Мне был интересен Ребенок
По образованию я историк. Но почему-то у
меня никогда, разве только еще на студенческой
скамье, не было отчетливой мысли о преподавании
детям именно истории. Первая педагогическая,
совсем юношеская мечта – научиться находить
общий язык с ребенком, любым, каким бы он ни был. И
постараться сделать так, чтобы его детство рядом
со мной было бы действительно счастливым,
поскольку я сама была к тому времени сильно
ушиблена советской школьной системой и усталыми
учителями, которым дети не были интересны. А мне
был интересен Ребенок.
На втором курсе университета я стала
воспитателем детского сада. Правда, это был не
обычный садик, а один из первых в России
монтессори-садов с разновозрастными детскими
группами, с ведущей идеей самообучения ребенка
при поддержке взрослого. Все тогда только
начиналось, и нам так нравились эти яркие,
необычные дидактические материалы, с помощью
которых дети действительно многому обучались
сами. Они с удовольствием накрывали на стол,
подметали пол, чистили ботинки, писали буквы,
решали простые арифметические примеры, многие
свободно читали. Я радовалась, думая, что нашла
истинное сокровище, мне претило обучение детей
насильственным образом, мне нравилась идея
свободы в образовании. Я проповедовала свободу
выбора ребенком любой деятельности (в том числе и
свободу выбора безделья, если ему сейчас очень
хочется), свободу выражения себя в любых формах.

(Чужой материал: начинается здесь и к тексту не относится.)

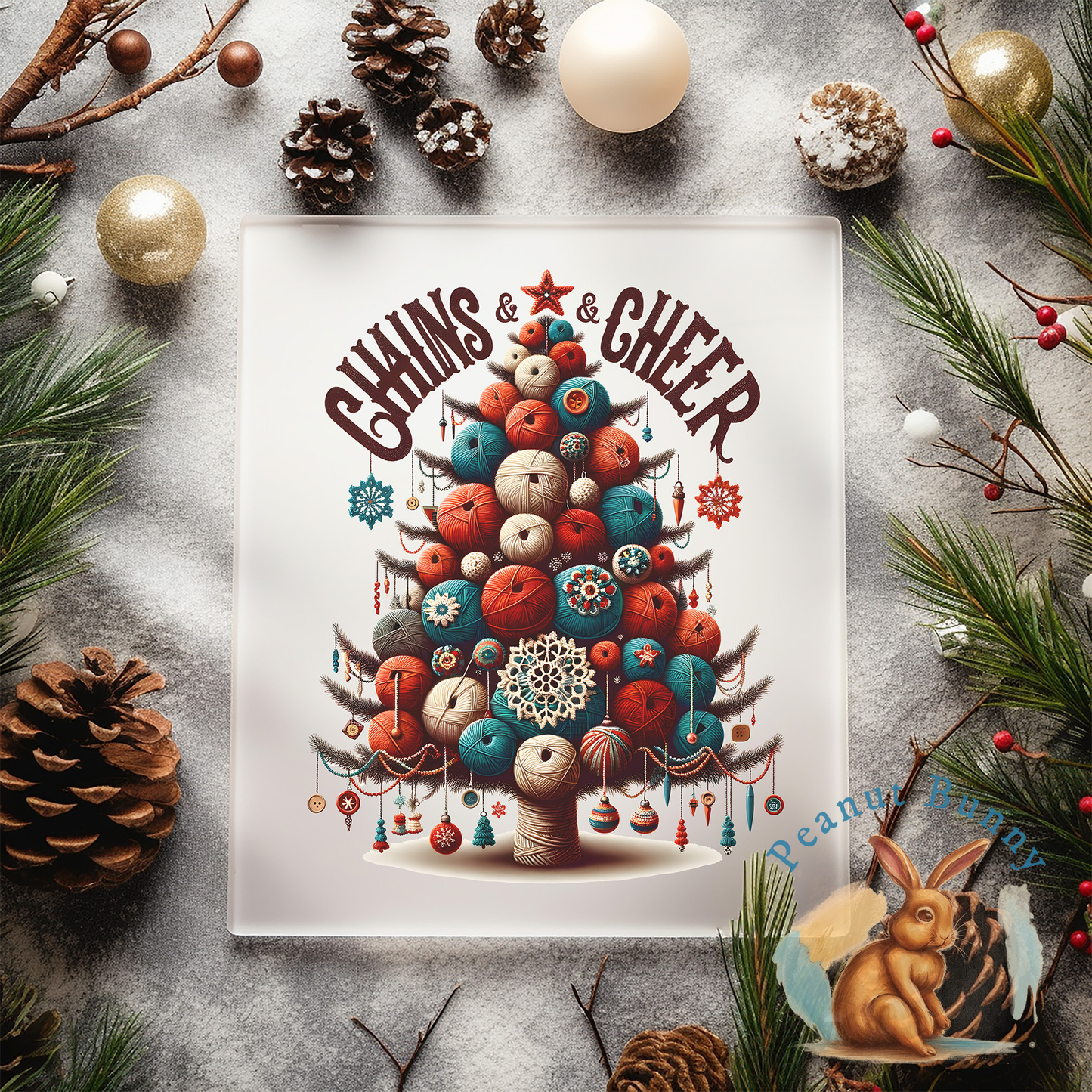 Crochet Christmas Transfer 19 PIC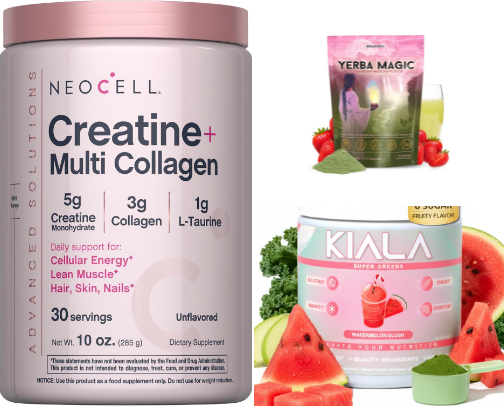 These are some of my Favorite Supplements!! cover photo collage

Запрет был только на драки и военные игрушки. Мне
было едва двадцать лет. Юношеский максимализм
соединился с максимализмом гуманистическим, и
вышло довольно гремучее соединение.
Только радость
Из детского сада мы перешли в начальную
школу. И все началось снова с безграничной
свободы. Из принципиальных соображений у меня
долго не было учительского стола. Вообще не было
очень долго своего места в классе. Потому что
класс – это место, где главные – дети. Меня
совершенно не смущала очевидная теперь
нелепость ситуации, наоборот, очень радовала.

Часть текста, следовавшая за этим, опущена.